Ultima nota meritevole, che è anche merito della crisi internazionale, si verifica rispetto alle emissioni di CO2 da trasporti. In questo caso le regioni che presentano i risultati migliori sono Campania, Basilicata, Calabria, Puglia e Sicilia con valori inferiori a 2 tonnellate di CO2 pro-capite.
Su tutto il resto piomba il nero di una cattiva gestione che parte da Roma per passare da Palermo e finire negli uffici comunali per diramarsi anche nelle pessime abitudini di vita dei cittadini. Nel capitolo energia la Sicilia ottiene il penultimo risultato nazionale sul fronte dell’energia elettrica da rinnovabili (19,7% sulla produzione totale), superata in basso soltanto dalla Liguria, e il peggiore in assoluto per quanto riguarda il risparmio energetico certificato con i certificati bianchi (294,2 Kwh/ab contro una media nazionale di 703 Kwh/ab).

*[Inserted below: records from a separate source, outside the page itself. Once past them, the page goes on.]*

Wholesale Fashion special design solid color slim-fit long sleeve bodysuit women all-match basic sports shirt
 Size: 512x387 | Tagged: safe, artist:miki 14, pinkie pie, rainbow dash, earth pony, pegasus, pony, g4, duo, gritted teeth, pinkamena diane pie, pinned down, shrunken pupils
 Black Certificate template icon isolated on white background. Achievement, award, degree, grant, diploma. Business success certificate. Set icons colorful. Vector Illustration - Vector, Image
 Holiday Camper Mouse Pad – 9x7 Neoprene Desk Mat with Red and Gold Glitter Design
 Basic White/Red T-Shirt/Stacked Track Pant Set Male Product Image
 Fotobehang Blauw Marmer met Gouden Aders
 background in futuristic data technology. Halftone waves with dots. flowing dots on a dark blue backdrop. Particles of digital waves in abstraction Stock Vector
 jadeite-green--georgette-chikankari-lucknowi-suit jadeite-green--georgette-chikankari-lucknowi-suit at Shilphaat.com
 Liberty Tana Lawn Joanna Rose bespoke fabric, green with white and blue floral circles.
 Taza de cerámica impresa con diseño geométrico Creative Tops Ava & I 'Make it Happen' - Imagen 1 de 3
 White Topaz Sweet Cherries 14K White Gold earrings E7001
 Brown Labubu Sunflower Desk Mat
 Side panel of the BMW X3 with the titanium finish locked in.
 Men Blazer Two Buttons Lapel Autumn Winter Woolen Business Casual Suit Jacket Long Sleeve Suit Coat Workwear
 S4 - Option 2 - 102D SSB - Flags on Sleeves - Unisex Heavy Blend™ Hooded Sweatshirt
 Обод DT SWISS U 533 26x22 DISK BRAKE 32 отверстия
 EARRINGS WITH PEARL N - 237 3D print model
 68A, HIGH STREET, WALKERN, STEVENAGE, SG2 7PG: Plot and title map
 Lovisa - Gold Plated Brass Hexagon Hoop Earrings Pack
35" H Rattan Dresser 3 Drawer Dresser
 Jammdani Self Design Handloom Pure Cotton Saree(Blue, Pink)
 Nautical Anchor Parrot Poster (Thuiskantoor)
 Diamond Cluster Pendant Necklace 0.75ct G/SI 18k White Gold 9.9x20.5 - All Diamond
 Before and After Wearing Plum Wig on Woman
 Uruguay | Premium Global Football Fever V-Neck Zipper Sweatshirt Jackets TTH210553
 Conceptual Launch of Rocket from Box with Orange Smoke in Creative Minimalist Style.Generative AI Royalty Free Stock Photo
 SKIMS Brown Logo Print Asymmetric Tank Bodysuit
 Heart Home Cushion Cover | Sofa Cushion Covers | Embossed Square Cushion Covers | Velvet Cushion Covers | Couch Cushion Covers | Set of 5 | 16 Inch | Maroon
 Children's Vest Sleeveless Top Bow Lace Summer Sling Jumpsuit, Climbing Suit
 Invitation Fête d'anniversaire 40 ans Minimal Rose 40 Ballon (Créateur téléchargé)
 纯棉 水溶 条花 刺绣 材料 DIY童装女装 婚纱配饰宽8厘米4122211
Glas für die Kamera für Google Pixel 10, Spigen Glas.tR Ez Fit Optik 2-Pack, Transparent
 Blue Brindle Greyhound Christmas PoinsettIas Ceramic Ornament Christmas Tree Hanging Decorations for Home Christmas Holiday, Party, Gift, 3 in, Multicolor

Appena meglio la situazione sulla qualità ambientale dei prodotti (numero licenze ecolabel ogni 100 mila imprese) che vede la Sicilia assestarsi a 5,1, appena poco più in basso della media nazionale di 5,8. A preoccupare sono i risultati nel settore del turismo (1,1 alloggi agroturistici ogni 10 mila arrivi) e la potenza installata solare-fotovoltaica in Conto Energia su edifici (106,3 Kw ogni mille abitanti contro la media nazionale di 157,1). E si tratta appunto di due comparti, fotovoltaico e turismo, che potrebbero agevolmente trovare terreno fertile nell’ambiente isolano.